Texas Anglican-use parish adopted into Anglican ordinariate

Catholic World News, March 23, 2017

A vigorous Catholic parish in Texas, led by a former Anglican priest, has been incorporated into the Anglican Ordinariate of the Chair of St. Peter, ending a battle for control.

The Anglican ordinariate—which is responsible for the Anglican communities in America coming into the Catholic Church under the provisions of 2009 papal document Anglicanorum Coetibus—announced that the parish of Our Lady of Atonement had been transferred to the jurisdiction of the ordinariate. The parish, along with its school, had previously been a part of the Archdiocese of San Antonio.

Father Christopher Phillips, a married Anglican priest, had originally entered the Catholic Church and been ordained to the Catholic priesthood under the “pastoral provision” for Anglicans set up by Pope John Paul II. He brought many Anglican lay people with him, and attracted others to the community, making Our Lady of Atonement a flourishing parish community.

When Pope Benedict XVI issued Anglicanorum Coetibus, establishing the Anglican ordinariates, Father Phillips inquired about moving the parish into the new jurisdiction. But the newly installed Archbishop of San Antonio, Archbishop Gustavo Garcia-Siller, strongly opposed the move. In January of this year, Archbishop Garcia-Siller removed Father Phillips from his post as pastor, suggesting that the priest had become a source of division within the archdiocese.

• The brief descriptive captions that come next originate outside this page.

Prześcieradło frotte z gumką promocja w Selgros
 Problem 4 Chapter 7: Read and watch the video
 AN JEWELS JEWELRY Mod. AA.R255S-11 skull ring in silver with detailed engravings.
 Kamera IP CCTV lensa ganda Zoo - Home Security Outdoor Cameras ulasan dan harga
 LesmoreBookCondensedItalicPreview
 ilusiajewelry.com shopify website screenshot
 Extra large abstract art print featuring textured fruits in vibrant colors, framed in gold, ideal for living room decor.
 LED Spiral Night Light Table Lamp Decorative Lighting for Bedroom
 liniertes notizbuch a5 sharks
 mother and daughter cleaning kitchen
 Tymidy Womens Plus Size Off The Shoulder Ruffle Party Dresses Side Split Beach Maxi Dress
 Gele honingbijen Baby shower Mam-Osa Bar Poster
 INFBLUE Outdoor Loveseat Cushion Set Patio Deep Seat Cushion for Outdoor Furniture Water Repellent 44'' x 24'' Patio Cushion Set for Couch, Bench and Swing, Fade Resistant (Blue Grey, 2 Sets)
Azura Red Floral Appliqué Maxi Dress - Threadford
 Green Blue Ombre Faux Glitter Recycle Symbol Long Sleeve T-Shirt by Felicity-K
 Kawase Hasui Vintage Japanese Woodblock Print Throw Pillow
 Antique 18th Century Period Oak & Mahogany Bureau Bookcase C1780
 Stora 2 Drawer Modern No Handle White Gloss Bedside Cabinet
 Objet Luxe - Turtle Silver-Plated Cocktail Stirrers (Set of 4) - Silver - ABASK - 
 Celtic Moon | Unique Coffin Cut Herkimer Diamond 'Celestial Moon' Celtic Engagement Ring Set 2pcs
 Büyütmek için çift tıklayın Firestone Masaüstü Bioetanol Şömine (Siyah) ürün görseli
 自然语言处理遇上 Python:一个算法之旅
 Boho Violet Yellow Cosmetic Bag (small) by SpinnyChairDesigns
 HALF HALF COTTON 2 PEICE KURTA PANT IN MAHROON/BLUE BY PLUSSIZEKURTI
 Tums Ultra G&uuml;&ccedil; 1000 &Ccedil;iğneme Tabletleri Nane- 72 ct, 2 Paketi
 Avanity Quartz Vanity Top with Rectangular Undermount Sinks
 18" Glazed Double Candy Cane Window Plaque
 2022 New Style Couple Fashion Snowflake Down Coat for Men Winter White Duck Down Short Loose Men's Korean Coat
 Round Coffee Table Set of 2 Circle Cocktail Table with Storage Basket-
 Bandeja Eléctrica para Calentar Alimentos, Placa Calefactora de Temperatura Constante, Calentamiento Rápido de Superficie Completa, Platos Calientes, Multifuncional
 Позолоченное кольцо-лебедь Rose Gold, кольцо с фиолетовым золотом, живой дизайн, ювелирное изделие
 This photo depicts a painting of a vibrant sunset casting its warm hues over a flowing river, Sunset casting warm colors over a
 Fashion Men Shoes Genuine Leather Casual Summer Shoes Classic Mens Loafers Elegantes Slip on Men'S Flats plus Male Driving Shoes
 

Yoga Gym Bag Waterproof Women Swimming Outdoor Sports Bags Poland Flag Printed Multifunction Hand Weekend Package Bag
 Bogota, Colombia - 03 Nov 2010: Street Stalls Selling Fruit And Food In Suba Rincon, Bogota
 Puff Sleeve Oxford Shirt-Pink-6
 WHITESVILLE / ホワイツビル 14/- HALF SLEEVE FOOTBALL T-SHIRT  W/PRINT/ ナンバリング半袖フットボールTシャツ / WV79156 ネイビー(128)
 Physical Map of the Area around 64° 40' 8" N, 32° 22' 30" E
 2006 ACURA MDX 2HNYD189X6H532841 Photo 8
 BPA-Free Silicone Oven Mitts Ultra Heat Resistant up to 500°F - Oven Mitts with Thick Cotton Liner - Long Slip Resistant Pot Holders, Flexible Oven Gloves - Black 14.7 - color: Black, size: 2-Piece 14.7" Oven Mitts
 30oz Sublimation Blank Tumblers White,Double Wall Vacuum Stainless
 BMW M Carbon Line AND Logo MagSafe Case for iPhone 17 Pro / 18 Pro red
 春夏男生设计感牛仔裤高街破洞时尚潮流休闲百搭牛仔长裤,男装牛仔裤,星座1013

In February, however, the Vatican’s Congregation for the Doctrine of the Faith (CDF) ruled that the parish of Our Lady of the Atonement should be incorporated into the Anglican ordinariate, which is led by Bishop Stephen Lopes. When that decision was announced to the parish on March 21, Bishop Lopes remarked to a cheering crowd that canonical rulings were rarely so popular.

The CDF ruled that all Catholic parishes using the adapted Anglican liturgy under the terms of the “pastoral provision” should be incorporated into the Anglican ordinariate. In the US, that ruling applies only to the parish of Our Lady of the Atonement in Texas and the Congregation of St. Athanasius, which is currently affiliated with the Archdiocese of Boston.

The process of transferring parish properties from the archdiocese to the ordinariate will involve a number of legal complexities. The ordinariate has assigned a priest in Houston, Father Timothy Perkins, to supervise that process, making him formally the administrator of the parish of Our Lady of the Atonement. Father Phillips is now officially the “pastor emeritus,” but will fill the same pastoral roles that he previously held in the community.